The construction sector is one of the largest in the UK economy, but it has also been amongst the hardest hit by the impact of this pandemic.
Over the past year the industry has faced trade restrictions, supply chain disruptions, shortages of goods, services and workers and was even forced to put a stop to all work earlier in 2020. And although the UK economy is beginning to reopen, the construction industry is still very much recovering.
In fact, the number of people employed in the construction industry hit a seven-year low in the third quarter of 2020 according to data from the Office for National Statistics (ONS), representing around 2.1m people, which is about nine per cent of the UK’s workforce.
Construction companies have always played a crucial role in shaping the success of the economy, and will no doubt be vital in our economic recovery, but has there been enough financial support throughout this pandemic to help them get back on their feet?
We recently completed a survey of SME owners – many of which are in the construction sector – and 43 per cent of businesses believed the support offered by the government throughout the pandemic has not been good enough.
On top of that, our survey showed that more than 80% were still looking for finance to support them, despite the many different support schemes that have been introduced.

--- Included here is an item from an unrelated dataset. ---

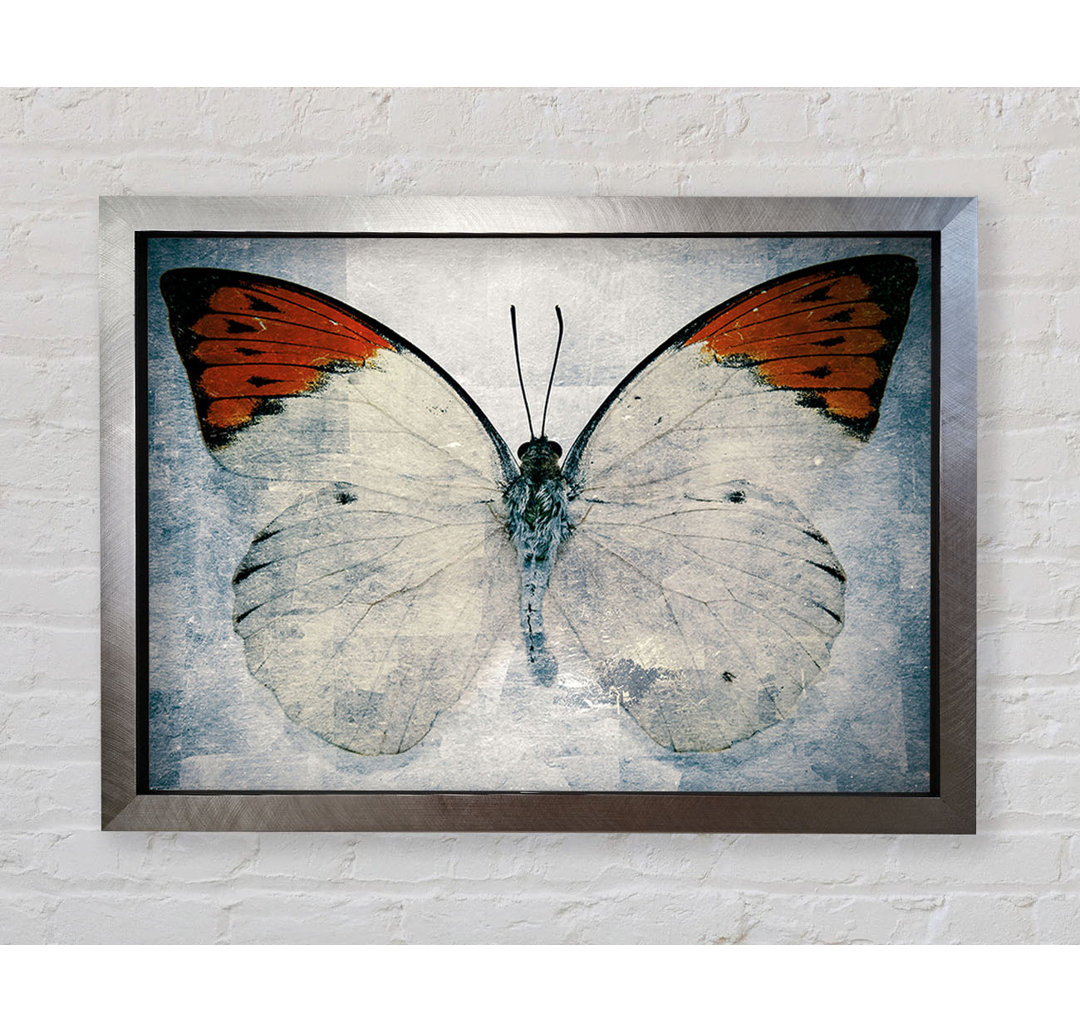 Schmetterling mit orangefarbener Spitze - Druck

As lockdown restrictions continue to ease and the country starts to reopen, do construction company owners really have everything they need to get going again at pace?

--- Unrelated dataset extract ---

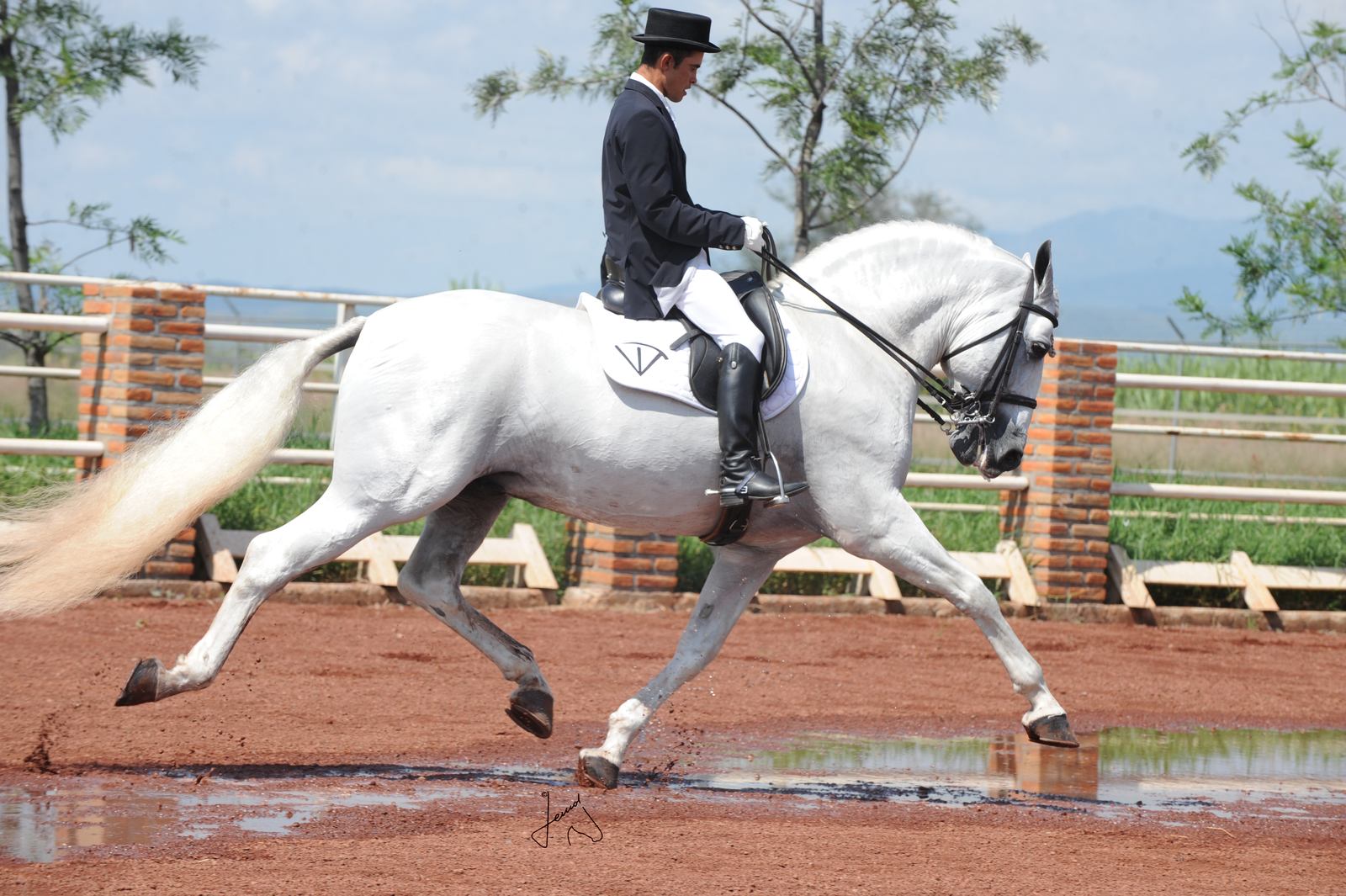 Jinete con sombrero de copa y levita montando un caballo español blanco al trote en un picadero de arena roja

The cost of government support so far
The statistics show that the government’s Bounce Back Loan Scheme (BBLS) lent almost £45bn to more than 1.4m businesses. In construction, a report from the British Business Bank last summer revealed it had received the highest proportion of loans (17 per cent) of any sector in the UK.
This also follows figures that showed how another government-backed scheme – the Coronavirus Business Interruption Loan Scheme (CBILS) – had lent almost £20bn to more than 80,000 businesses. The construction sector came second in this list with 14 per cent of all the total lent by the government.

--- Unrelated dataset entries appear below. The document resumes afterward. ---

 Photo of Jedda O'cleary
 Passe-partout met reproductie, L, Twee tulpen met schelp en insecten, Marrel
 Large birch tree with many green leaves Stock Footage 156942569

The figures are huge, and although it was announced earlier this year that the new ‘Pay as You Grow’ scheme would give businesses with a Bounce Back Loan more time to repay their loans if they need it, the problem is much bigger than that.
Businesses we speak to have either accessed the schemes already and now need a second injection of capital, or they were not able to access the scheme in the first place, so are facing the challenge of determining what they can do now.
For many businesses that did access the schemes, we know that money has already been used to help them through what was a hugely challenging period, so very little if any has been carried forward to look at future growth or investment.
Boosting cashflow was the top priority for 57% of businesses in our survey, followed by expansion and funding for new equipment, so we know that there is still huge demand for working capital. For construction companies, the priorities are closely aligned to these things but having working capital to ensure stock can be brought in when needed and contractors can get started on projects is absolutely key. Cash in the bank is a necessity.
On top of all of this, the construction sector is also facing a number of challenges relating to resources and skills. The findings of a survey by the HomeServe Foundation found that more than 1.25 million extra construction trades workers are needed by 2030; whilst also highlighting a growing skills gap that is struggling to keep up with ambitious government targets related to things like new homes, decarbonisation and key infrastructure projects.
We know that there’s a huge amount of resilience and determination amongst the UK’s small businesses, which really are the backbone of the UK economy.
it’s clear that SMEs are still in desperate need of finance this year despite the huge amounts of money that have been lent through the BBLS and CBILS. The Pay as You Grow scheme will provide some welcome relief for many businesses, but it does not address the fundamental issue, which is that SMEs still need finance.
The positive news is that there is clearly still plenty of optimism in the business community, with ambitions to expand or invest. And with the nation-wide vaccine rollout continuing at pace and confidence beginning to return, there are encouraging signs that recovery is on the horizon.
The role of traditional banks
Traditional banks continue to make it difficult for SMEs to get the finance they so desperately need to get back on their feet properly, which I believe means that alternative lenders like ourselves will have a crucial role to play in the months that lie ahead. We’re seeing increasing demand from SMEs across the construction sector, where we have a strong customer base already, as well as lots of other industries, which is linked to the £50m Small Business Fund we created to help businesses get moving again.
The majority of the UK’s ‘big banks’ are much happier lending to larger businesses with a long track record of profitability. But that doesn’t help SMEs and the impacts of the pandemic will have damaged the chances of many smaller businesses getting finance from a big bank.
That’s where I think the fintech industry will need to step up more than ever before to help companies bridge the gap. There’s already been huge growth with more and more business owners looking to get finance more quickly; with a simpler approach and with more flexibility. For these reasons, I expect 2021 will be a big year for alternative lenders with the support for the construction sector set to be at the very top of the agenda for getting our economy moving again.